Starting with plants is a great idea! I tired to keep them for about a year but had issues because i wasn't using the correct frets and my lighting was way off. I have turned my lights down and add ferts once a week and the tank looks great. It is also much less work, no ammonia issues to speak of. I am also no longer wasting money on plants that will die. Which means more money for artyman:

What kind of gravel do you have? If your going with Java moss or Java fern it really doesn't matter, but when you get into other plants(and trust me, being around this bunch you will) you may want something other than what you have. And remember, ask questions and use the search button on the forums! There is a TON of good information on here.

Once again, Welcome!


----------



## amingra (Oct 9, 2005)

I have medium sized decorative gravel that came with the tank


----------



## MatPat (Mar 22, 2004)

amingra said:


> Hello everyone, I am glad I found this site. Well, simpte actually told me to come check it out. I was posting on fishforums before. I think its cool that you guys are local. Do you guys mind if I post on here cuz I'm not a member?


Welcome to SWOAPE and also APC! No problem at all with you posting here. You are more than welcome to become a member if you are interested, no fees or dues, just need to have a desire to learn or share some info about planted tanks to become a member 



amingra said:


> I found a store that's been around for over thirty years and is run by a whole family of fishkeepers. They are awesome, knowledgable, and they treat me like a friend and don't try to sell stuff I don't need.

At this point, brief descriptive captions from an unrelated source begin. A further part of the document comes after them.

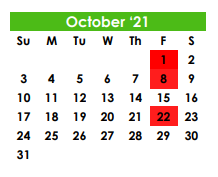 District School Academic Calendar for San Angelo Special Progs for October 2021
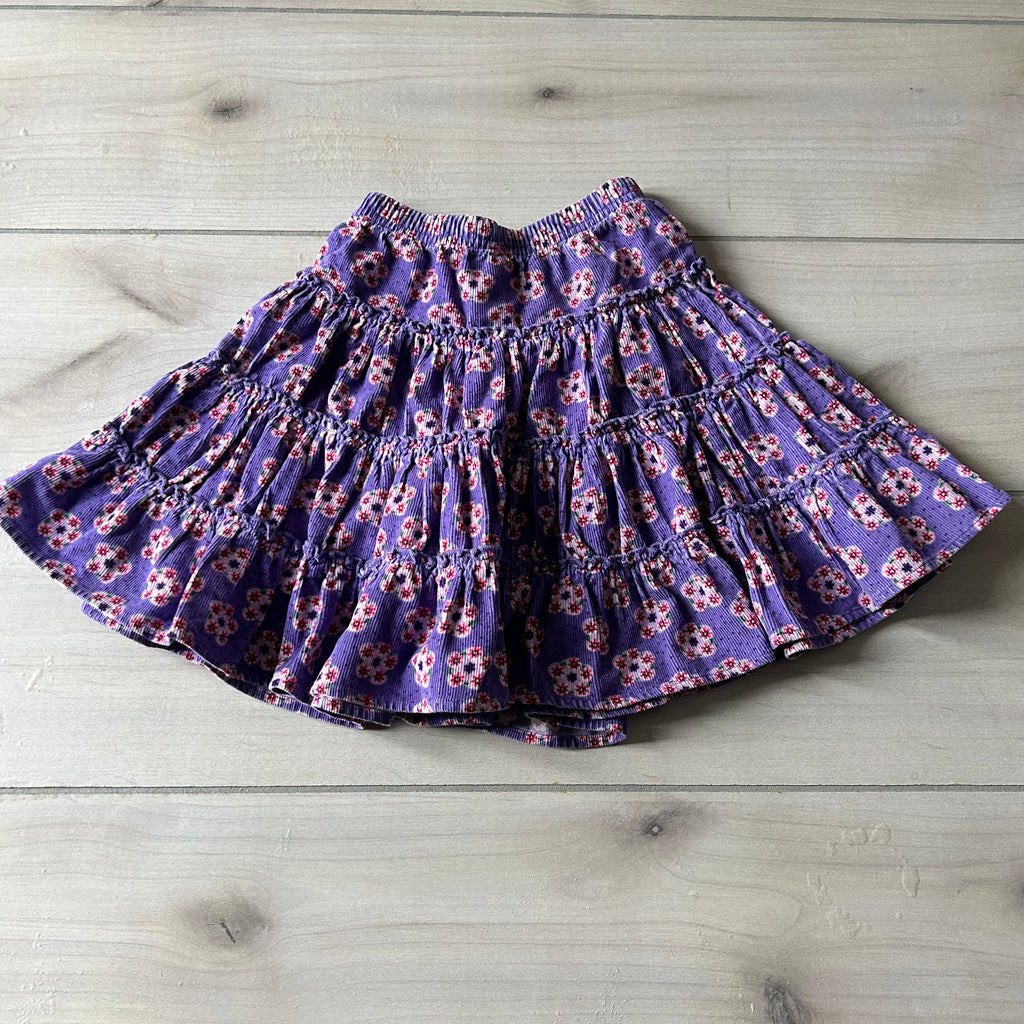 Hanna Andersson Purple Corduroy Elastic Waist Floral Skirt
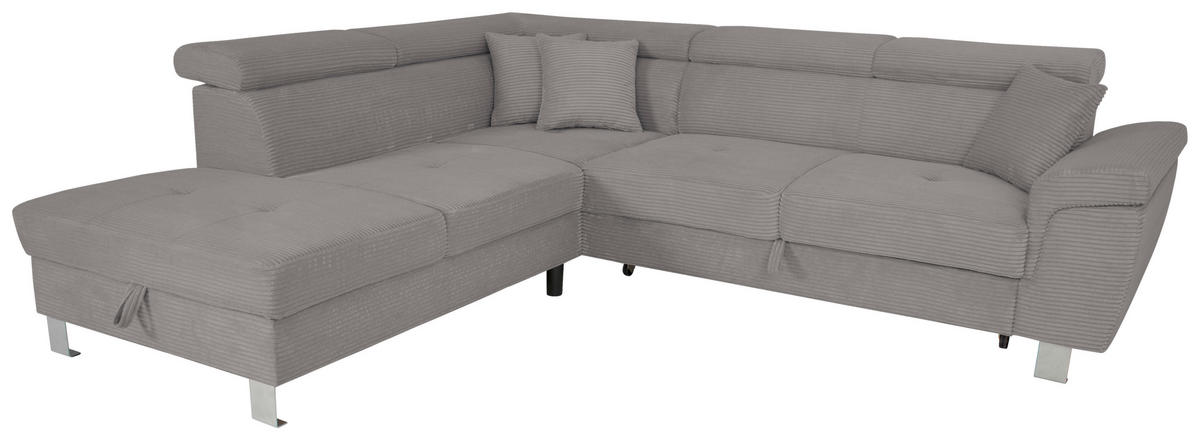 ECKSOFA in Cord Dunkelgrau  - Dunkelgrau/Silberfarben, Design, Textil/Metall (226/257cm) - Xora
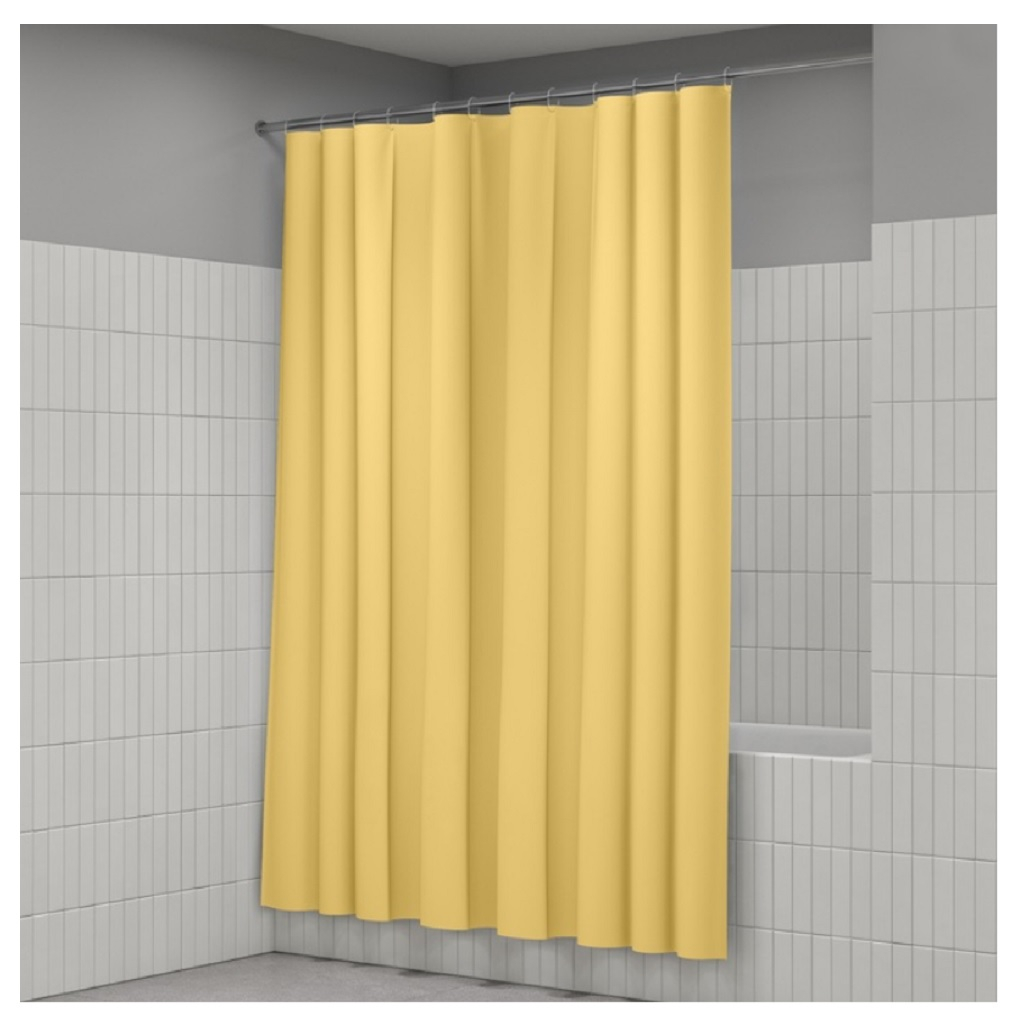 Штора для ванной IDDIS P06PE18I11, полиэтилен, 1800х2000 мм, желтый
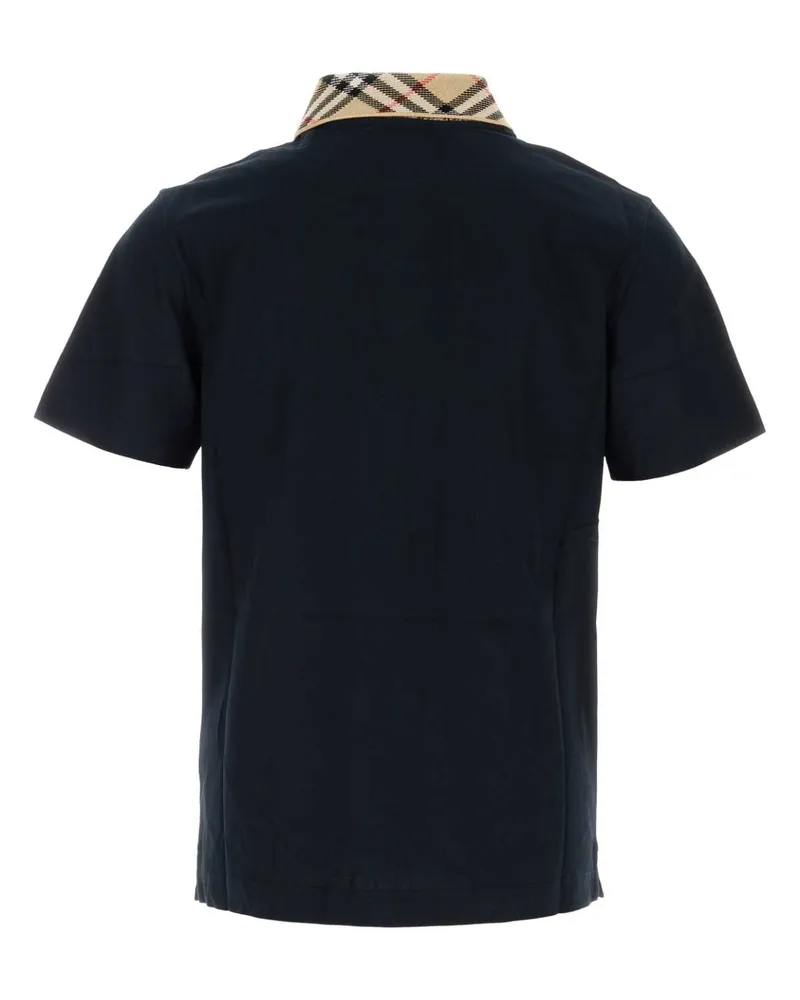 Burberry Men Check Collar Polo Shirt Navy Cotton Navy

Sorry I thought I'd go on a rant here instead of at home because you guys would understand. lol The place I go to is called the house of tropical and marine fish on route 50


Does this store have plants? If so, you will have to give us (me) some better directions 



amingra said:


> This is my setup so far 20 gal,3 mollies,1 apple snail,1 pleco,2 African dwarf frogs. I don't have any plants yet. I was thinking about going with some java moss or fern. I don't want to try co2 or ferts yet. Any suggestions would be welcome. thanks for reading this!

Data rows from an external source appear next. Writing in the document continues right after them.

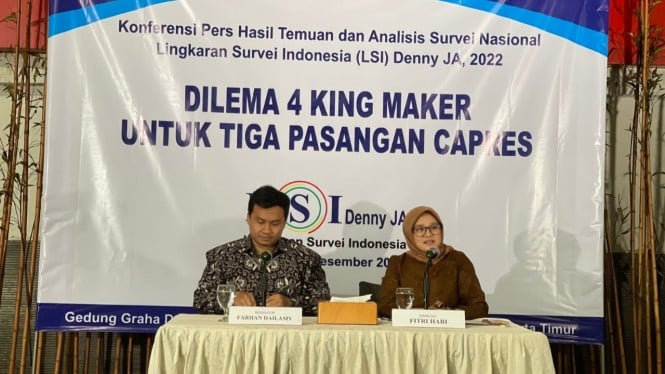 Konferensi pers hasil temuan LSI Denny JA, Selasa 20 Desember 2022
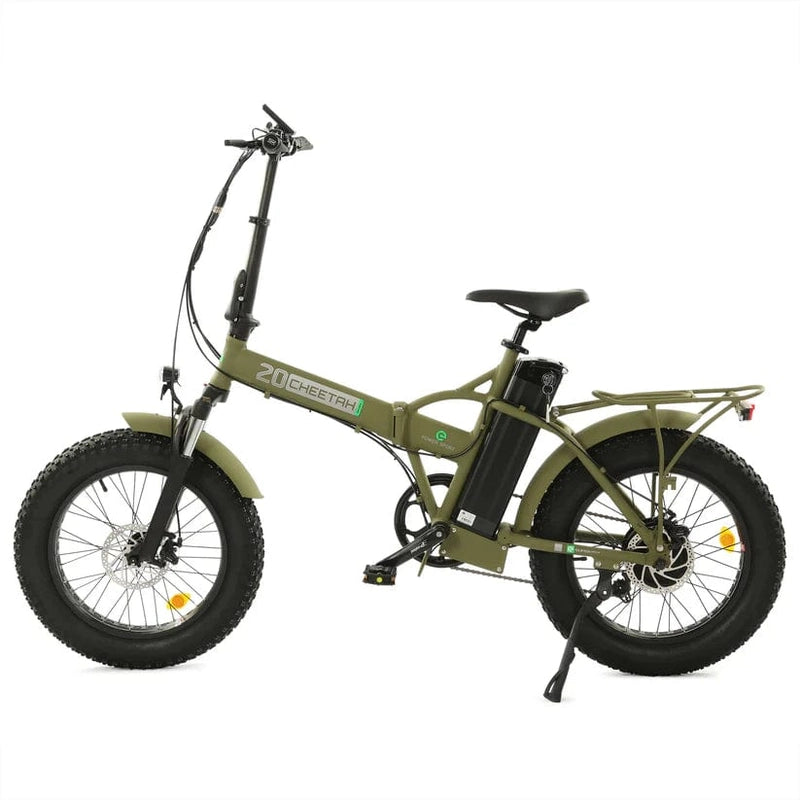 Ecotric 48V Fat Tire Portable and Folding Electric Bike with Color LCD Display Green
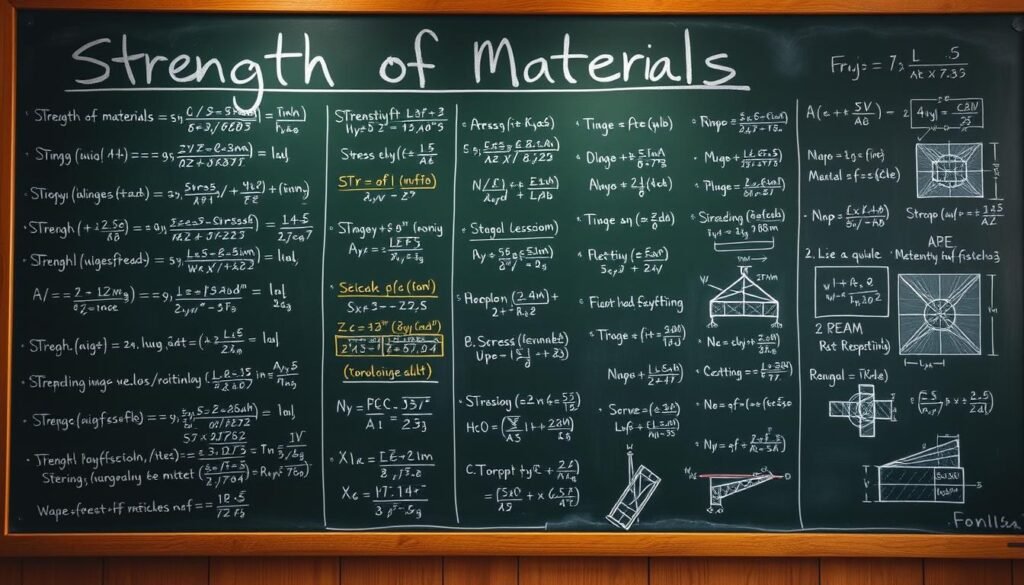 A neatly organized chalkboard displaying a collection of strength of materials formulas and diagrams. The formulas are written in a clear, legible font, with detailed illustrations and diagrams to accompany them. The chalkboard is illuminated by a warm, soft light, creating a contemplative and educational atmosphere. The formulas cover a range of topics, including stress, strain, bending, torsion, and other fundamental principles of structural analysis. The layout is well-structured, with the formulas and diagrams arranged in a visually appealing and easy-to-understand manner, making this the perfect reference for any mechanical engineering student or professional.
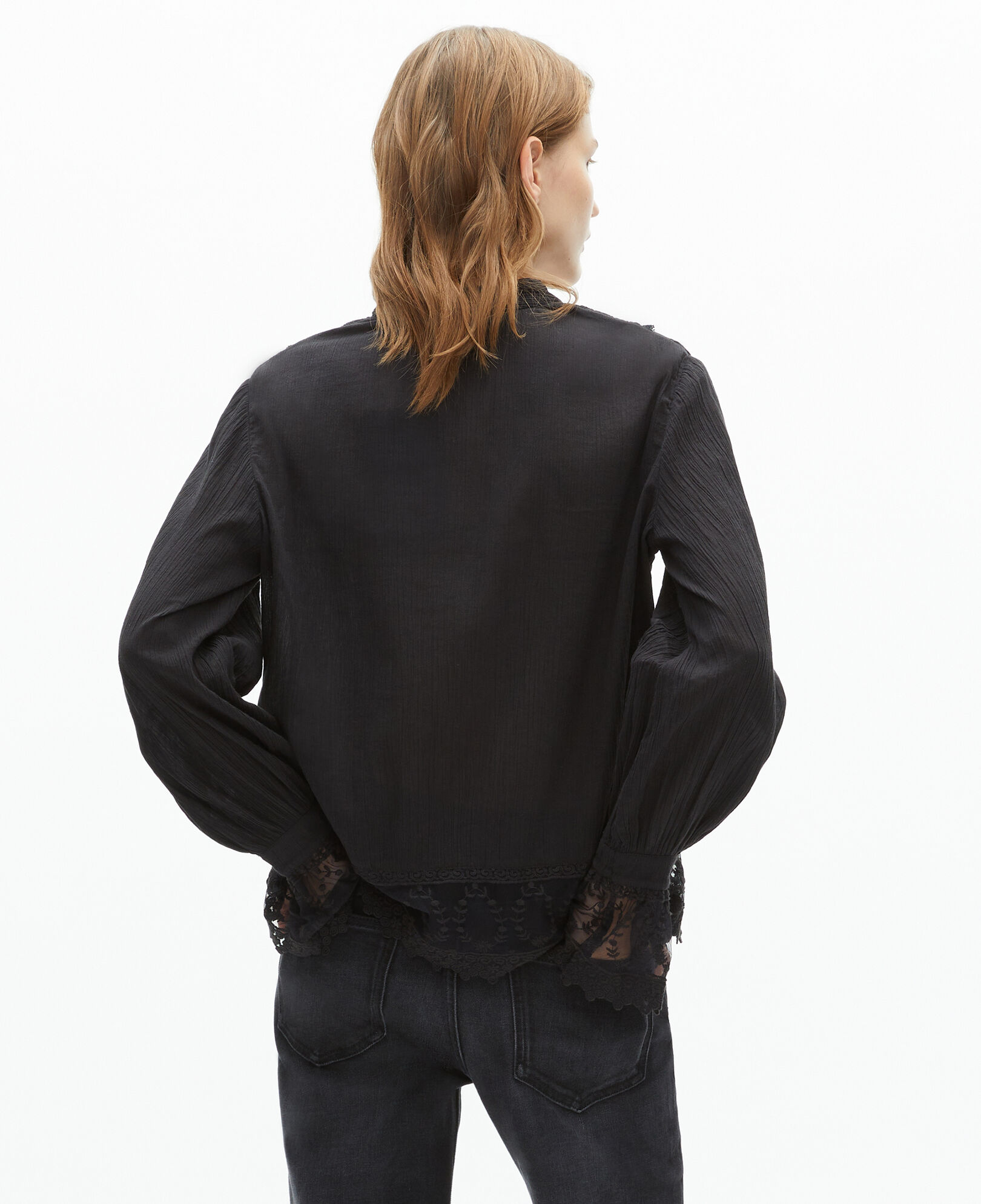 The Kooples WOMEN BLACK black guipure lace top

Some good plants for a non-co2 tank would be Java Moss, Java Ferns, Anubias species, and most Cryptocoryne species. Water Wisteria and Water Sprite are a few more that will probably so well in your setup. I assume since the tank was a "Jack's" tanks that you only have about 20 watts of light over it. More light (another 20w or so) would greatly increase the the type of plants you can keep but would probably require some additional fertilization. We can point you to some links if you decide to go that route in the future.

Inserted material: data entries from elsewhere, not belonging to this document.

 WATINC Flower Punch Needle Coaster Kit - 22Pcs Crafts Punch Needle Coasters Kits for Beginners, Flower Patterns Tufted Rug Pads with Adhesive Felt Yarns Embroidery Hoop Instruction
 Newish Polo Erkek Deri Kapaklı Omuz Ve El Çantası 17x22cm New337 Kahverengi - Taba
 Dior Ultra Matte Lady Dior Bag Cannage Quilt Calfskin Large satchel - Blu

I'm not sure how Apple Snails or frogs are with plants since I have never kept either. The Pleco could do quite a bit of uprooting of some plants also and will get too big for your tank pretty fast. You should be prepared to either get rid of the Pleco or get a larger tank in the next few months.

I may have another 55g complete setup to sell in the near future if Jim ever gets the bigger tank he wants


----------



## amingra (Oct 9, 2005)

i tried to get a small pleco. i was going to go with the clown, but i got the rhino becasue the guy said they only grow to be six inches. I looked up rhino plecos online and it said they could get 10 inches. I might have to take him back. He's only like two or three inches right now. I would LOVE to get a 55gal, but first I need to find out how long I'm staying at my current apartment. I don't want to set something up and then have to move it. Keep me posted on that though, cuz I could put it in storage for a little while. 
The store does have plants, I don't know how many or the quality. I'll find out my next time through. It is close to downtown, between anderson ferry and state avenue on river road, if you know where that is. Oh and I'm posting so much cuz I'm at work and I'm bored. lol


----------



## molurus73 (Apr 15, 2005)

Welcome to the club. Matt, maybe after we visit Dave's we can head down to House of Tropicals. I know right where it is at. Long drive though.


----------



## MatPat (Mar 22, 2004)

molurus73 said:


> Welcome to the club. Matt, maybe after we visit Dave's we can head down to House of Tropicals. I know right where it is at. Long drive though.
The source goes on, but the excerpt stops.